Work task: Look through the records below for the line with "NZXT Source 220 (rode leds)". Return that line and each one after it up to and including the line with "SLM single-person PVC", exactly.
Input data START
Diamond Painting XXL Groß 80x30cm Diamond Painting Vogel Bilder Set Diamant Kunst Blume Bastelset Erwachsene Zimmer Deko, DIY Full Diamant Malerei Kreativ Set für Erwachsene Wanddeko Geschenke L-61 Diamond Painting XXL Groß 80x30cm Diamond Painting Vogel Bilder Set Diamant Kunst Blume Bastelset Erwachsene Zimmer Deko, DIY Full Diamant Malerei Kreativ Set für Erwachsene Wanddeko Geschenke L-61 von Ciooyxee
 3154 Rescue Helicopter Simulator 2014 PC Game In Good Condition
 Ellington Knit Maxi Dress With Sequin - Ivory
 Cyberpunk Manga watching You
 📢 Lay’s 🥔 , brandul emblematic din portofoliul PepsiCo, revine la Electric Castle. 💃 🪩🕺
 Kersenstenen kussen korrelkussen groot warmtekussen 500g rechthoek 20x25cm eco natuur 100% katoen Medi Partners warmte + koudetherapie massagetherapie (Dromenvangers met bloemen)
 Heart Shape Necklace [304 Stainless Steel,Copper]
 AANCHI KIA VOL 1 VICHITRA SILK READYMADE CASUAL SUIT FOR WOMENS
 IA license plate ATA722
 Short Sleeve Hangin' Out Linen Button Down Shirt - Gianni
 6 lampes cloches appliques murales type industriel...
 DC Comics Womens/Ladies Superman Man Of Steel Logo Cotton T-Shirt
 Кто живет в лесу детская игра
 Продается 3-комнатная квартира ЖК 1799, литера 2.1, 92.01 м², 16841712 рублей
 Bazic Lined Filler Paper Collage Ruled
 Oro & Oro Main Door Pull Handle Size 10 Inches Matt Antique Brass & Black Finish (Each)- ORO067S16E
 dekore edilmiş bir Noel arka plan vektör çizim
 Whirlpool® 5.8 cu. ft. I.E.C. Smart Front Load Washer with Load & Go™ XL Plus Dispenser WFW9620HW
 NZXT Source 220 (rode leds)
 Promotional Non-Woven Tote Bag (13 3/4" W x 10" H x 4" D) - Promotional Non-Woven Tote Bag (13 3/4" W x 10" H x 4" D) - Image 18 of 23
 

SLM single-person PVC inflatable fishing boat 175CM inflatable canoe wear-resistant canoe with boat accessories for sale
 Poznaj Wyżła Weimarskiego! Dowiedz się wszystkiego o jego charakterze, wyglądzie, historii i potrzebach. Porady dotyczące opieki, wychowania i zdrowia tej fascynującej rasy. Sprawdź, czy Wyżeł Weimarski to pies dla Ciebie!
Input data END
Final answer:
 NZXT Source 220 (rode leds)
 Promotional Non-Woven Tote Bag (13 3/4" W x 10" H x 4" D) - Promotional Non-Woven Tote Bag (13 3/4" W x 10" H x 4" D) - Image 18 of 23
 

SLM single-person PVC inflatable fishing boat 175CM inflatable canoe wear-resistant canoe with boat accessories for sale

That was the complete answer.